Perché si è trattato di un test rilevante

Al di là dell’effetto wow e della spettacolarità del test, dal punto di vista scientifico-tecnologico c’è stata la conferma delle potenzialità del veicolo, soprattutto per quanto riguarda la stabilità durante il volo e la fase di atterraggio in sicurezza. Come ha già confermato anche lo stesso Musk, si è trattato dell’ultimo test su questo prototipo, poiché ora l’obiettivo è realizzare una serie di altre sperimentazioni su modelli via via più simili al progetto completo di Starship.

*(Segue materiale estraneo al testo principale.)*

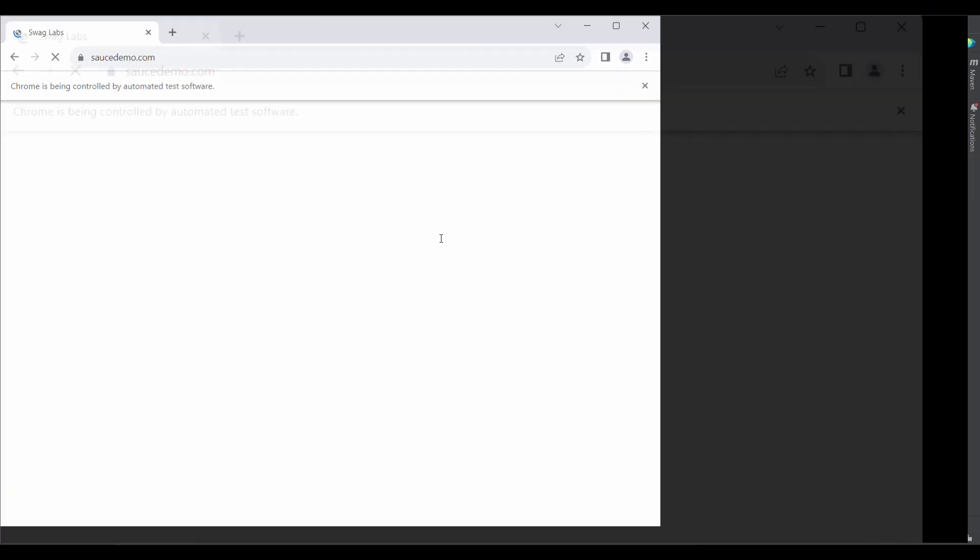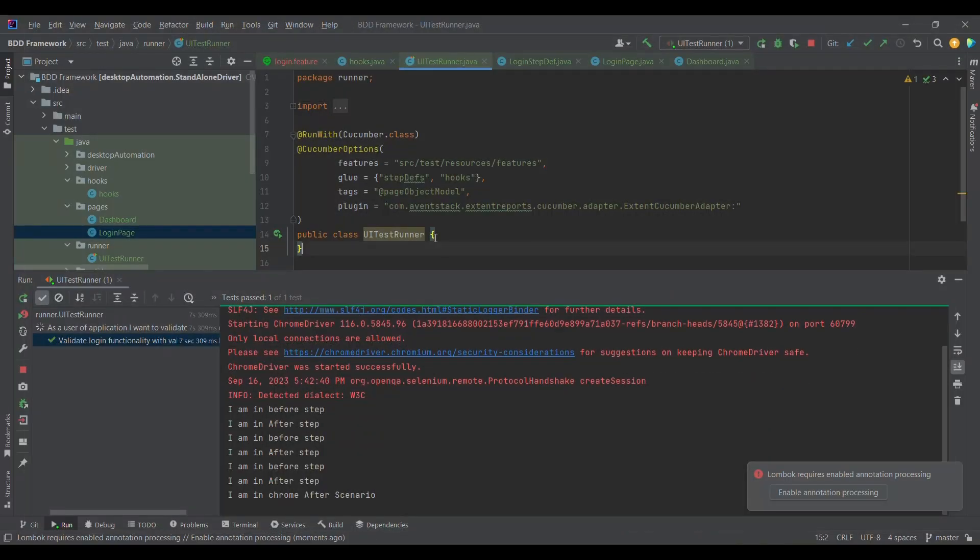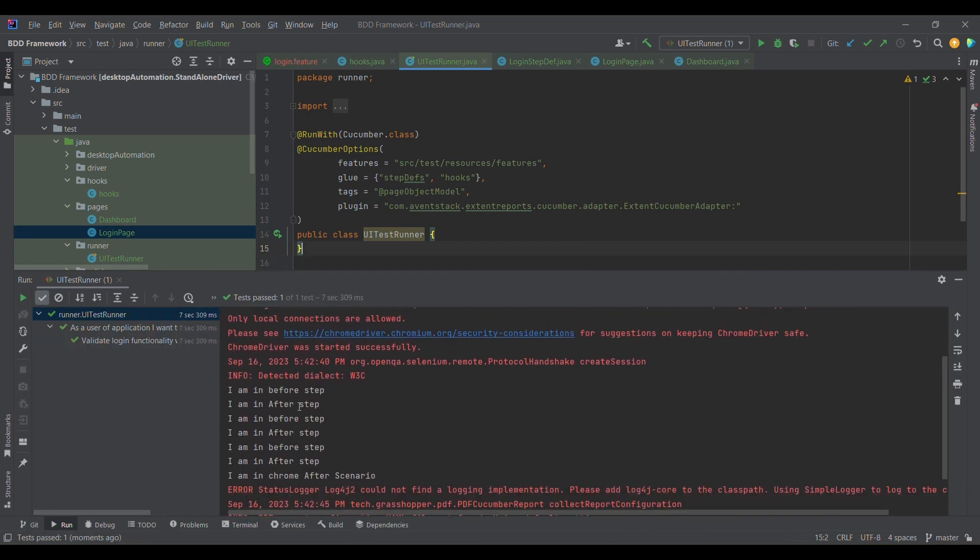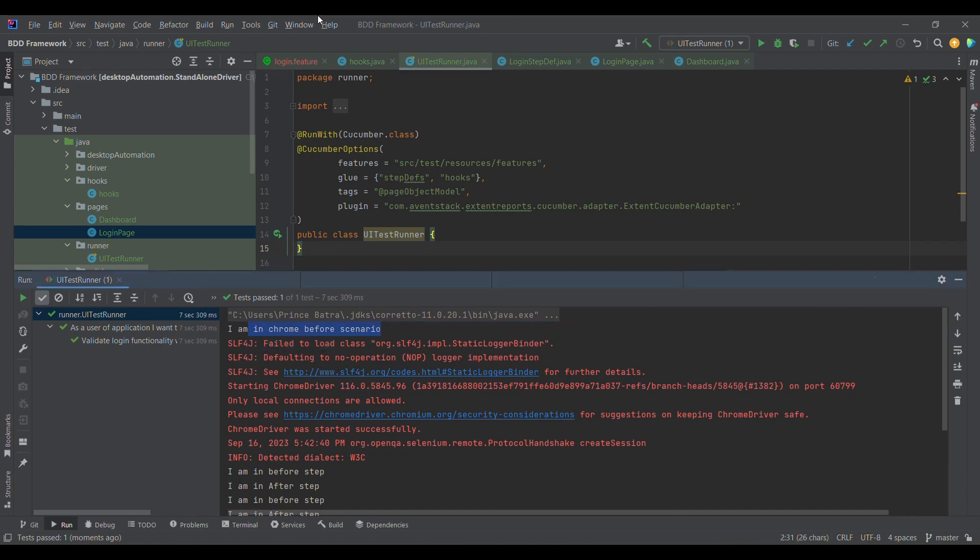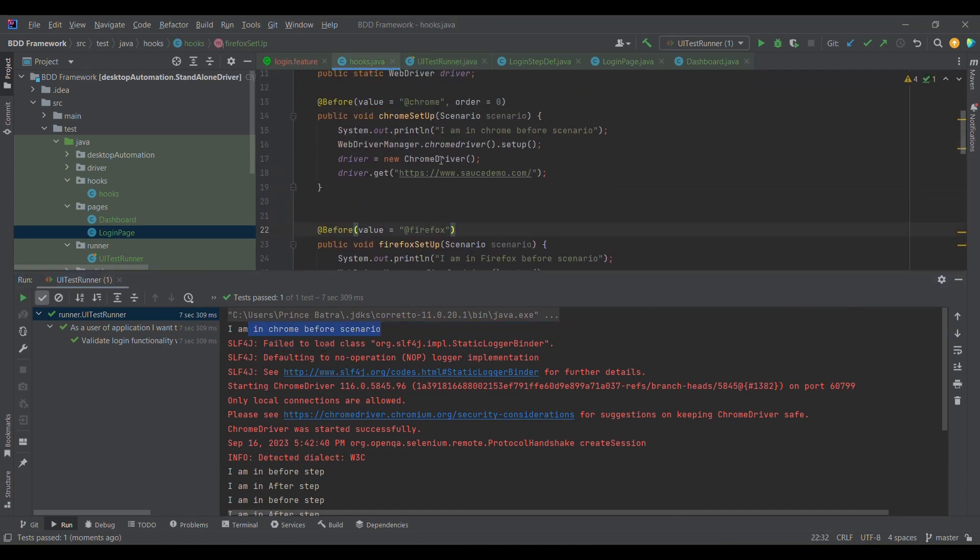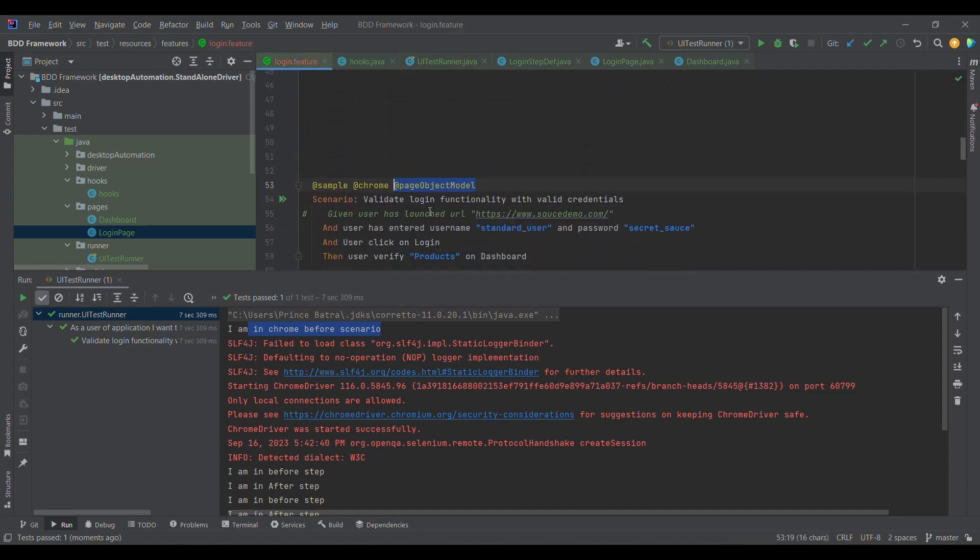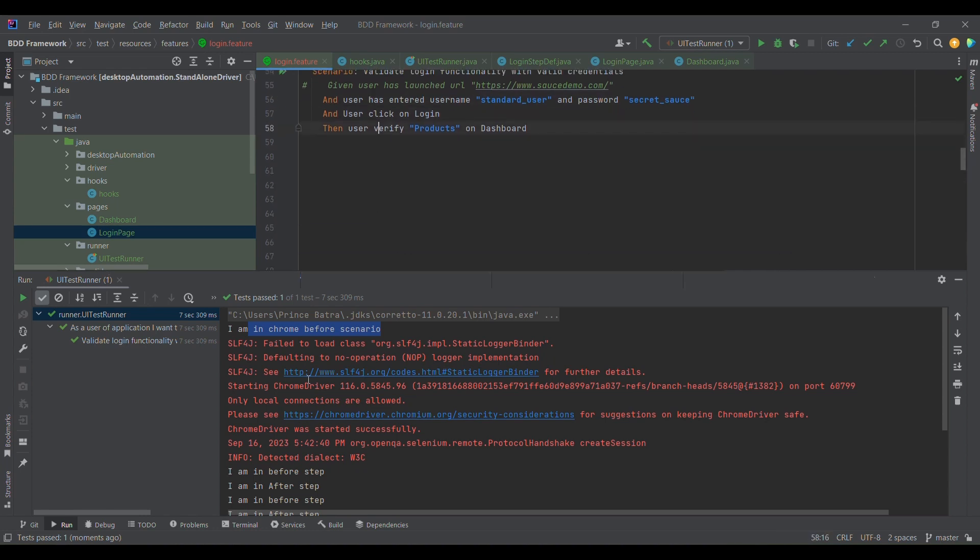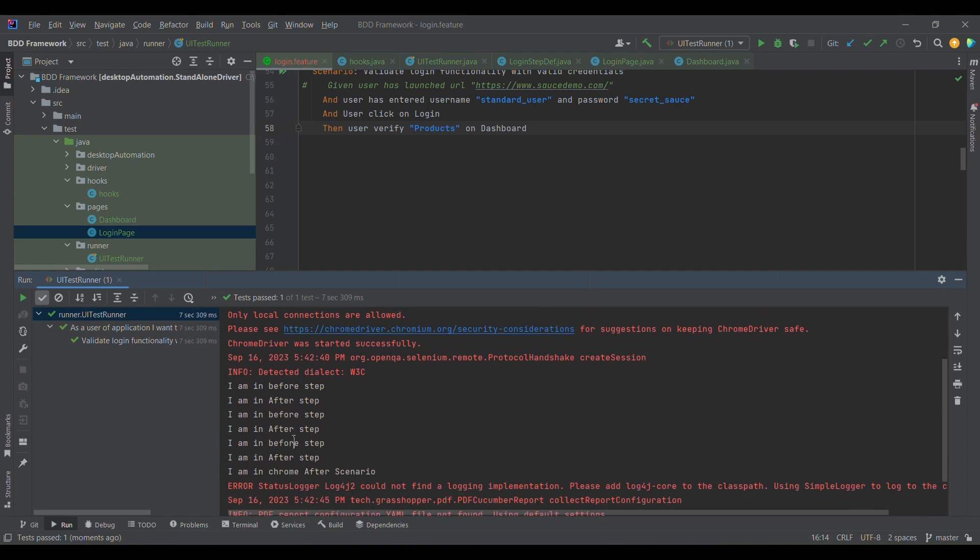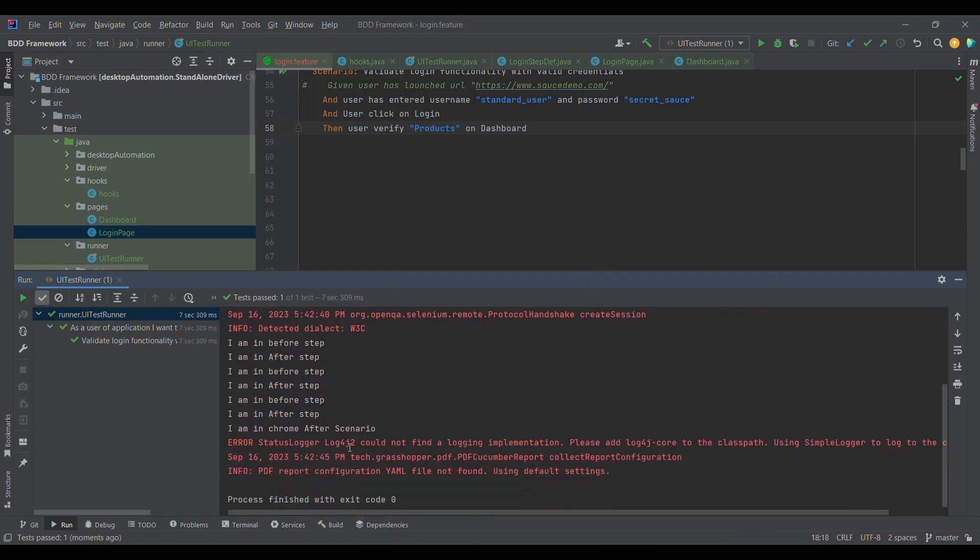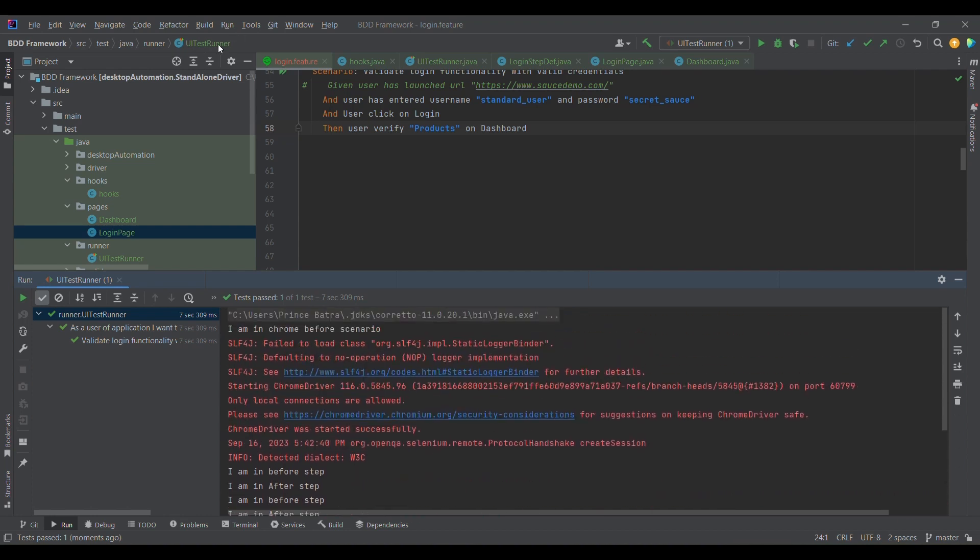If you observe, it has launched the application and it has entered the username and password and it verified the steps as well. You can verify it from here. First of all, the control came here, and then after this particular login feature, it has three steps: one, two, and three. For that, first time before step, second time before step, and third time steps. Likewise, after step also, and at last after scenario is getting executed.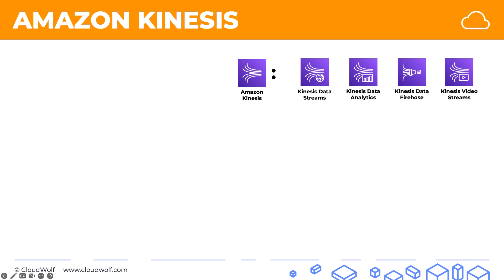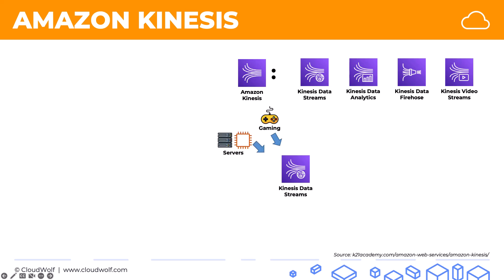And I'll just provide a quick overview of how the rest tie in. So Kinesis Data Streams can ingest data from lots of different sources that are real-time streaming data sources. So for example, gaming data, or data from your servers, or data from IoT devices, or data from website click streams, or data from social media feeds, and so on, lots of different examples.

Nella versione finale, infatti, l’astronave sarà attrezzata con 6 (o forse 7) motori Raptor, su cui sarà installata la parte superiore della navicella, ossia quella che effettivamente ospiterà il personale di bordo. Addirittura, per la versione cosiddetta Super Heavy, destinata a carichi particolarmente massivi, si prevede l’utilizzo di 35 motori Raptor combinati.

Qualche piccola perplessità sul test

Accanto alle celebrazioni per l’impresa portata a termine con successo, nelle ultime ore sono emersi anche alcuni dubbi sul fatto che il test sia davvero stato condotto senza intoppi. A quanto pare, infatti, Starhopper ha perso qualche pezzo durante il volo. Secondo l’esperto di razzi Scott Manley, infatti, dalle immagini trasmesse in streaming si è visto che durante il rientro al suolo si è staccato almeno uno dei tre piedini su cui l’intera struttura poggia.

Un altro utente si Twitter ha invece notato il probabile distacco di un serbatoio durante la fase di ascesa, come si nota negli screenshot del video.

Infine, il test non è stato del tutto indolore per gli abitanti del villaggio di Boca Chica, che sono stati costretti ad abbandonare le proprie abitazioni nelle ore del test, dato che un eventuale malfunzionamento del razzo avrebbe potuto provocare un’onda d’urto tale da rompere i vetri delle abitazioni e ferire persone e animali. Insomma, il piccolo rovescio della medaglia dell’abitare a due passi da uno dei luoghi dove si scrive la storia dell’esplorazione spaziale.

Scenari futuri verosimili

Accantonati i facili entusiasmi a cui Elon Musk ci ha abituati, quali sono le prospettive realistiche sullo sviluppo del progetto? In attesa della prossima conferenza stampa prevista per metà settembre, già sappiamo che l’obiettivo della compagnia è di mettere a punto un sistema di trasporto spaziale che possa fare concorrenza a quelli sviluppati dalla Nasa. Certamente la prima missione di Starship fuori dall’atmosfera terrestre sarebbe verso la Luna, presumibilmente nel corso del prossimo decennio. Anche se l’obiettivo finale resta quello di portare l’umanità fin su Marte, al momento non ci sono previsioni su quando ciò potrà eventualmente accadere. L’unica cosa certa è che il successo del test di stanotte è un passo nella direzione giusta.

Secondo le notizie filtrate finora, i prossimi prototipi dovrebbero essere chiamati Starship Mk1 e Starship Mk2: al di là dei nomi, sappiamo che il numero di motori Raptor dovrebbe passare da 1 a 3, con l’obiettivo di iniziare la fase operativa del progetto nel corso del 2021.